L’art a plus de valeur que la vérité
M. Kessler
Au philosophe le réel et à l’artiste l’imaginaire.
Il semblerait que le philosophe doive se contenter de décrire le monde dans sa vérité tandis que
l’artiste devrait créer une réalité originale qui n’imite pas la nature. Mais Nietzsche fait figure
problématique dans cette dichotomie.
On lui a souvent reproché le caractère chaotique de son discours et les contradictions de ses thèses,
appréhendant sa pensée comme un jeu poétique talentueux mais dépourvu de logique. Finalement,
c’est dans la revue des années 1930 de Georges Bataille : Acéphale, que Nietzsche est intronisé
philosophe-artiste, mais cette représentation a encore le défaut d’obscurcir l’aspect rationnel de sa
pensée.
Il convient, pour bien saisir la pensée nietzschéenne, de placer la question de la culture et de la
civilisation en son centre. C’est pourquoi le surhomme est d’abord un philosophe et un artiste, c’est-à-
dire un destructeur et un créateur.
« La question que je pose ici n’est pas de savoir ce qui doit prendre la relève de l’humanité dans la
succession des êtres (car l’homme est une fin), mais bien quel type d’hommes il faut élever, il faut
vouloir, comme le plus riche en valeurs supérieures, le plus digne de vivre, le plus assuré d’un avenir.
Ce type d’hommes d’une valeur supérieure s’est déjà bien souvent présenté, mais à titre de hasard
heureux, à titre d’exception, jamais parce que voulu. Au contraire, c’est lui qu’on a justement le plus
redouté, il était jusqu’ici presque la chose redoutable en soi ; –et cette crainte a fait qu’on a voulu,
dressé, obtenu le type contraire : l’animal domestique, l’animal de troupeau, l’homme animal malade,
le chrétien…» L’antéchrist, §3.
Assumer pleinement sa finitude et acquiescer sans réserve au caractère tragique de l’existence sont les
deux caractéristiques principales du surhomme. En ce sens, le surhomme assure la relève de Dieu. Son
créateur étant mort, c’est-à-dire la croyance en Dieu tombée en désuétude, l’individu contemporain
doit ou bien s’abîmer dans le gouffre d’un nihilisme synonyme d’absurdité et de mort ou bien prendre
la relève du créateur en redéfinissant l’essence de l’homme comme artistique. Une telle essence ne
peut être elle-même qu’une création et non pas une réalité inscrite dans son être.
« L’homme est l’animal dont le caractère propre n’est pas encore fixé. » Par-delà Bien et Mal, §62
Avec Nietzsche, l’essence de l’homme accède à la reconnaissance de son caractère historial.
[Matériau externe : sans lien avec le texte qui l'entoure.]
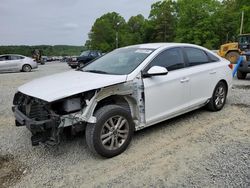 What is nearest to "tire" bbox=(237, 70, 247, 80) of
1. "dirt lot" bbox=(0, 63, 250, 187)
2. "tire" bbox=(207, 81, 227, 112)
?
"tire" bbox=(207, 81, 227, 112)

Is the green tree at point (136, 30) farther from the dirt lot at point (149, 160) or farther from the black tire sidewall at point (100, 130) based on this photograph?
the black tire sidewall at point (100, 130)

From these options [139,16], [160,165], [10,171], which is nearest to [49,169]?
[10,171]

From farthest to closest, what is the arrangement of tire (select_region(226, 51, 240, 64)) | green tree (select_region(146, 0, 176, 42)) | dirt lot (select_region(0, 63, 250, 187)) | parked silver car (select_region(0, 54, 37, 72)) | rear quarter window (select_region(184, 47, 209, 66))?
green tree (select_region(146, 0, 176, 42)) < parked silver car (select_region(0, 54, 37, 72)) < tire (select_region(226, 51, 240, 64)) < rear quarter window (select_region(184, 47, 209, 66)) < dirt lot (select_region(0, 63, 250, 187))

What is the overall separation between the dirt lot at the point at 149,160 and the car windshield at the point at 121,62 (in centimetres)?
117

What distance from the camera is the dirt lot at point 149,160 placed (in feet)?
8.82

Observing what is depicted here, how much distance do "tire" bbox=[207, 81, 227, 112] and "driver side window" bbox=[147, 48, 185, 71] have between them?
1.21m

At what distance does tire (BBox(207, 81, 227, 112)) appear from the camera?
4863mm

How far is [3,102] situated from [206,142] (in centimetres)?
556

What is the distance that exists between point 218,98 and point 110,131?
9.57ft

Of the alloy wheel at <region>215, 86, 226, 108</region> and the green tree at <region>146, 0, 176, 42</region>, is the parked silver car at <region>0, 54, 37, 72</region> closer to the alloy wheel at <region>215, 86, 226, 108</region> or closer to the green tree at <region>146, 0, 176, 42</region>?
the alloy wheel at <region>215, 86, 226, 108</region>

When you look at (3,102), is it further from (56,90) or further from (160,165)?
(160,165)

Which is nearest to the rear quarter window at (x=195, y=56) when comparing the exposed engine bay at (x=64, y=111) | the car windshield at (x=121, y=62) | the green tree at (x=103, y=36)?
the car windshield at (x=121, y=62)

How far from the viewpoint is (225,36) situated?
145 ft

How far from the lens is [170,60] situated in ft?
13.2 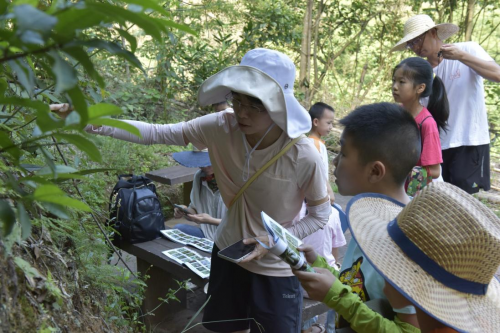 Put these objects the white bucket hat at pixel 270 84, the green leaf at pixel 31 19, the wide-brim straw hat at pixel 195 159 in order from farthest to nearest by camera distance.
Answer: the wide-brim straw hat at pixel 195 159
the white bucket hat at pixel 270 84
the green leaf at pixel 31 19

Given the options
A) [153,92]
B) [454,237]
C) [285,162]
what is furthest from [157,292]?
[153,92]

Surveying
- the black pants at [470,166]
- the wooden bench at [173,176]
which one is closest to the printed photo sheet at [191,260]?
the wooden bench at [173,176]

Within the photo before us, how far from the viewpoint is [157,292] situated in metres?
3.78

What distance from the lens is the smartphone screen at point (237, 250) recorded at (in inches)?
87.4

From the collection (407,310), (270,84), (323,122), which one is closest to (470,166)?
(323,122)

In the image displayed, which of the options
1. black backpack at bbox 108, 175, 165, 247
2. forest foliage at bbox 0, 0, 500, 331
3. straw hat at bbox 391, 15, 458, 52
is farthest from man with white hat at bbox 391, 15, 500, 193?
black backpack at bbox 108, 175, 165, 247

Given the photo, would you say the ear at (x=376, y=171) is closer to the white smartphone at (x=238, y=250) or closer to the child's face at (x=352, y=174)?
the child's face at (x=352, y=174)

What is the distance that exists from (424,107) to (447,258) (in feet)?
7.27

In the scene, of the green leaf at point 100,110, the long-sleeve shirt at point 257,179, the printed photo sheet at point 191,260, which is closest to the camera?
the green leaf at point 100,110

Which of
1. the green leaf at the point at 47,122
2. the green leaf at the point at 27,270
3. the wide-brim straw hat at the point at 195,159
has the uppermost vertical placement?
the green leaf at the point at 47,122

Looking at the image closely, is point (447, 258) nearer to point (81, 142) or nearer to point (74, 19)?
point (81, 142)

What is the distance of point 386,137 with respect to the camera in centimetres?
202

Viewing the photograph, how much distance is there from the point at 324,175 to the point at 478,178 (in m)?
1.98

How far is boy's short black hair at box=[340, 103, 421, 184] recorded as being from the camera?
199cm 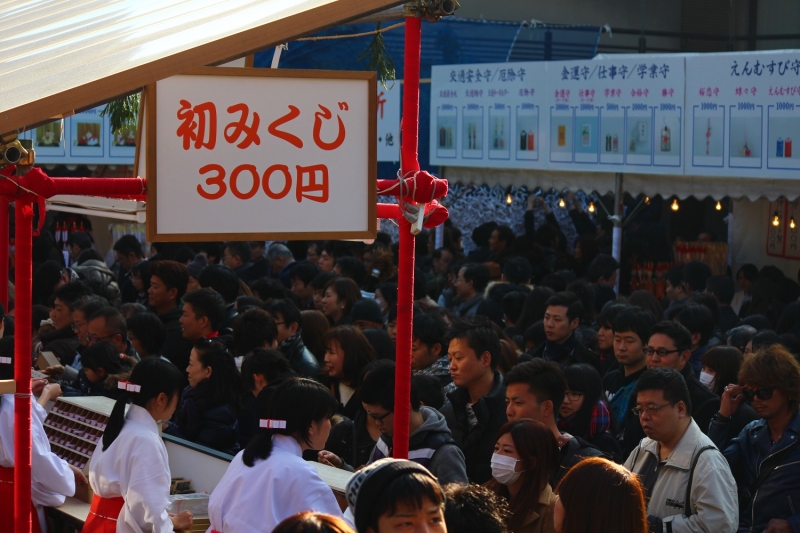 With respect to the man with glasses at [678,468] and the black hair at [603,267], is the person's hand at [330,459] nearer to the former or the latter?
the man with glasses at [678,468]

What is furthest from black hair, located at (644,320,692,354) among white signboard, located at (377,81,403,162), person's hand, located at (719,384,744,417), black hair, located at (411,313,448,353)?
white signboard, located at (377,81,403,162)

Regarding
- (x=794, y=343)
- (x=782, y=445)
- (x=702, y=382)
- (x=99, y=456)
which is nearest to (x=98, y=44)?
(x=99, y=456)

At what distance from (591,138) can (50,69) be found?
796 centimetres

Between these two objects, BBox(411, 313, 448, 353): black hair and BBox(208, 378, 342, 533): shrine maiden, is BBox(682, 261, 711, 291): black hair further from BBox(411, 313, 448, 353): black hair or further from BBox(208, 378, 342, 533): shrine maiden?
BBox(208, 378, 342, 533): shrine maiden

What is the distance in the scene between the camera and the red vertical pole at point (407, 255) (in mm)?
3062

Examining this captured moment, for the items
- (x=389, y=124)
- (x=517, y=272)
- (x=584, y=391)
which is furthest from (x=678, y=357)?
(x=389, y=124)

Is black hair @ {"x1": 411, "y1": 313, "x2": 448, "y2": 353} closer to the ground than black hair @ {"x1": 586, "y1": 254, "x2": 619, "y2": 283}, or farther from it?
closer to the ground

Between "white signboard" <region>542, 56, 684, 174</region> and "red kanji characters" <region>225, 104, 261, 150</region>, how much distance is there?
23.6 feet

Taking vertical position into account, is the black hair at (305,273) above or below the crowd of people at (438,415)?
above

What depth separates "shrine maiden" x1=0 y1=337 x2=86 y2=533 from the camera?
4.32 metres

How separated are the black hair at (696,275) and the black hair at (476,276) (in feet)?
6.27

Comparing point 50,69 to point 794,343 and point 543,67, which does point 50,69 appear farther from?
point 543,67

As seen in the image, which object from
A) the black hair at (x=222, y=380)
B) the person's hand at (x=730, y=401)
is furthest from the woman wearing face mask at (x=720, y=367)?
the black hair at (x=222, y=380)

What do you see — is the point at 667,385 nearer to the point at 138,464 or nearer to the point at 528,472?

C’est dire
que l’homme ne répond à aucune nature éternelle. Il est conçu comme un être en devenir perpétuel.
C’est pourquoi seule l’histoire et l’interrogation généalogique permettent de lui accorder une série de
propriétés distinctives. C’en est fait d’une certaine conception de l’humanisme fondée sur la
permanence du sujet.
Que l’homme se définisse avec Nietzsche comme un artiste suppose deux étapes successives dans sa
réflexion. La première fait intervenir la philosophe et la notion de vérité ou de véracité. La seconde fait
intervenir l’artiste en une signification élargie et la notion d’illusion vitale ou tout simplement de
valeur en tant que tenir-pour-vrai. Ces deux étapes sont au cœur de la philosophie de Nietzsche. Ne pas
comprendre cela, c’est interpréter la philosophie de Nietzsche comme un simple renversement du
platonisme incapable d’en effectuer la relève d’un point de vue métaphysique. Il ne s’agit pas
d’affirmer que le monde vrai est le monde sensible. La philosophie de Nietzsche ne consiste pas à
inverser la dualité platonicienne tout en conservant le même concept de vérité comme adéquation à des
choses.
Nietzsche dissout bien plutôt l’opposition en affirmant qu’il n’y a pas à faire de distinction entre un
monde vrai et un monde apparent. Il convient en premier de méditer sur le sens du nihilisme
destructeur pour se libérer des illusion métaphysiques (formes de nihilisme passif) ; en second, de
dépasser, dans un mouvement créateur et salutaire, cette méditation philosophique nihiliste par une
affirmation enfin joyeuse de l’existence sensible, entièrement faites de mensonges et d’artifices.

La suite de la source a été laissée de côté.